▸ **EXERCISE DETAILS**
Copy the data exactly.

Records contained in a dataset
_____
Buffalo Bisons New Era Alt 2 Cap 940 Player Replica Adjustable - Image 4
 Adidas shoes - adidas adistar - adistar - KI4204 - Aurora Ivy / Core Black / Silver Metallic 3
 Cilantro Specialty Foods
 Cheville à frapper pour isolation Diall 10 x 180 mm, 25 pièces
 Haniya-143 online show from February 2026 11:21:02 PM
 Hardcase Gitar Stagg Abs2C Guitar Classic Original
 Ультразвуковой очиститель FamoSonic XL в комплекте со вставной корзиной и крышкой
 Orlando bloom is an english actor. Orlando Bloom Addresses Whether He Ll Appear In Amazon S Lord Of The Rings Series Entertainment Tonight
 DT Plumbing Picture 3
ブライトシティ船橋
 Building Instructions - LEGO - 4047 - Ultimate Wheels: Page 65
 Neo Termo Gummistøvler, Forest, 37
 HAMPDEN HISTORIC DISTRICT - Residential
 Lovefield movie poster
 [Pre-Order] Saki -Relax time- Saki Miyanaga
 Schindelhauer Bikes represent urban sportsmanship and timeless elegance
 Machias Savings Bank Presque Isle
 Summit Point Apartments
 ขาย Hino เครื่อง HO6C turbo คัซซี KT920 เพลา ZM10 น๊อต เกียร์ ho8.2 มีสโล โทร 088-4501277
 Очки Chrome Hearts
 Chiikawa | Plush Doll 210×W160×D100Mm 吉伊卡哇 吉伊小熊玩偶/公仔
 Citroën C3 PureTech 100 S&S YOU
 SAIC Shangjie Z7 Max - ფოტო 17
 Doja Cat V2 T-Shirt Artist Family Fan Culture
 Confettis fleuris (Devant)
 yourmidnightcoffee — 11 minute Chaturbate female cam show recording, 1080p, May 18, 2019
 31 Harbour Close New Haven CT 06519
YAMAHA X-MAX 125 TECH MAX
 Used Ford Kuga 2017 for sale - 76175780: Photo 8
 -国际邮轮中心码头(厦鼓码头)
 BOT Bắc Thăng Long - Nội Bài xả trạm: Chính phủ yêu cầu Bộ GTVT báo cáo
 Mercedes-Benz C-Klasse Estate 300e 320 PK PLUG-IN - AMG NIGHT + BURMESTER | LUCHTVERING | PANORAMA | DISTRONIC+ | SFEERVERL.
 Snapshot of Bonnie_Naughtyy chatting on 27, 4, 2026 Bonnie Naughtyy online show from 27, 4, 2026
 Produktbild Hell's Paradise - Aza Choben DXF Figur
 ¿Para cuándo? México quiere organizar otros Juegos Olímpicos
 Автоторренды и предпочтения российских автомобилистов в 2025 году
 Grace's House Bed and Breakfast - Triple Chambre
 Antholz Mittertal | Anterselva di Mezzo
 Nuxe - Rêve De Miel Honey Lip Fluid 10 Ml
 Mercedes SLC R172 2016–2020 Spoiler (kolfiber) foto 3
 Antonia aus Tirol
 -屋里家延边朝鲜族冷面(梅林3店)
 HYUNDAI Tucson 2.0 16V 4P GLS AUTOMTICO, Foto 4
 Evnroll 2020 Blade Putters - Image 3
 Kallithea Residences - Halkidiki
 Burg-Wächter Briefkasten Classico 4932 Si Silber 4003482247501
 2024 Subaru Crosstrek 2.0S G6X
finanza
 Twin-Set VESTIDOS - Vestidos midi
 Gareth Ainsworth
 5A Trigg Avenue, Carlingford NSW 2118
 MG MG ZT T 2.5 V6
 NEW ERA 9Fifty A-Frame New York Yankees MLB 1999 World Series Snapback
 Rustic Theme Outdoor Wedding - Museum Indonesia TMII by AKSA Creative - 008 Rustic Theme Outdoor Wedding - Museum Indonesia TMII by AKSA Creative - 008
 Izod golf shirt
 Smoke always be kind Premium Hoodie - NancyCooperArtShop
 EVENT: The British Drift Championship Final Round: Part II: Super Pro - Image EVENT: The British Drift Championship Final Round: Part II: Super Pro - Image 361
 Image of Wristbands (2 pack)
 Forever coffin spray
_____
▸ **ANSWER FOR THIS EXERCISE**
Buffalo Bisons New Era Alt 2 Cap 940 Player Replica Adjustable - Image 4
 Adidas shoes - adidas adistar - adistar - KI4204 - Aurora Ivy / Core Black / Silver Metallic 3
 Cilantro Specialty Foods
 Cheville à frapper pour isolation Diall 10 x 180 mm, 25 pièces
 Haniya-143 online show from February 2026 11:21:02 PM
 Hardcase Gitar Stagg Abs2C Guitar Classic Original
 Ультразвуковой очиститель FamoSonic XL в комплекте со вставной корзиной и крышкой
 Orlando bloom is an english actor. Orlando Bloom Addresses Whether He Ll Appear In Amazon S Lord Of The Rings Series Entertainment Tonight
 DT Plumbing Picture 3
ブライトシティ船橋
 Building Instructions - LEGO - 4047 - Ultimate Wheels: Page 65
 Neo Termo Gummistøvler, Forest, 37
 HAMPDEN HISTORIC DISTRICT - Residential
 Lovefield movie poster
 [Pre-Order] Saki -Relax time- Saki Miyanaga
 Schindelhauer Bikes represent urban sportsmanship and timeless elegance
 Machias Savings Bank Presque Isle
 Summit Point Apartments
 ขาย Hino เครื่อง HO6C turbo คัซซี KT920 เพลา ZM10 น๊อต เกียร์ ho8.2 มีสโล โทร 088-4501277
 Очки Chrome Hearts
 Chiikawa | Plush Doll 210×W160×D100Mm 吉伊卡哇 吉伊小熊玩偶/公仔
 Citroën C3 PureTech 100 S&S YOU
 SAIC Shangjie Z7 Max - ფოტო 17
 Doja Cat V2 T-Shirt Artist Family Fan Culture
 Confettis fleuris (Devant)
 yourmidnightcoffee — 11 minute Chaturbate female cam show recording, 1080p, May 18, 2019
 31 Harbour Close New Haven CT 06519
YAMAHA X-MAX 125 TECH MAX
 Used Ford Kuga 2017 for sale - 76175780: Photo 8
 -国际邮轮中心码头(厦鼓码头)
 BOT Bắc Thăng Long - Nội Bài xả trạm: Chính phủ yêu cầu Bộ GTVT báo cáo
 Mercedes-Benz C-Klasse Estate 300e 320 PK PLUG-IN - AMG NIGHT + BURMESTER | LUCHTVERING | PANORAMA | DISTRONIC+ | SFEERVERL.
 Snapshot of Bonnie_Naughtyy chatting on 27, 4, 2026 Bonnie Naughtyy online show from 27, 4, 2026
 Produktbild Hell's Paradise - Aza Choben DXF Figur
 ¿Para cuándo? México quiere organizar otros Juegos Olímpicos
 Автоторренды и предпочтения российских автомобилистов в 2025 году
 Grace's House Bed and Breakfast - Triple Chambre
 Antholz Mittertal | Anterselva di Mezzo
 Nuxe - Rêve De Miel Honey Lip Fluid 10 Ml
 Mercedes SLC R172 2016–2020 Spoiler (kolfiber) foto 3
 Antonia aus Tirol
 -屋里家延边朝鲜族冷面(梅林3店)
 HYUNDAI Tucson 2.0 16V 4P GLS AUTOMTICO, Foto 4
 Evnroll 2020 Blade Putters - Image 3
 Kallithea Residences - Halkidiki
 Burg-Wächter Briefkasten Classico 4932 Si Silber 4003482247501
 2024 Subaru Crosstrek 2.0S G6X
finanza
 Twin-Set VESTIDOS - Vestidos midi
 Gareth Ainsworth
 5A Trigg Avenue, Carlingford NSW 2118
 MG MG ZT T 2.5 V6
 NEW ERA 9Fifty A-Frame New York Yankees MLB 1999 World Series Snapback
 Rustic Theme Outdoor Wedding - Museum Indonesia TMII by AKSA Creative - 008 Rustic Theme Outdoor Wedding - Museum Indonesia TMII by AKSA Creative - 008
 Izod golf shirt
 Smoke always be kind Premium Hoodie - NancyCooperArtShop
 EVENT: The British Drift Championship Final Round: Part II: Super Pro - Image EVENT: The British Drift Championship Final Round: Part II: Super Pro - Image 361
 Image of Wristbands (2 pack)
 Forever coffin spray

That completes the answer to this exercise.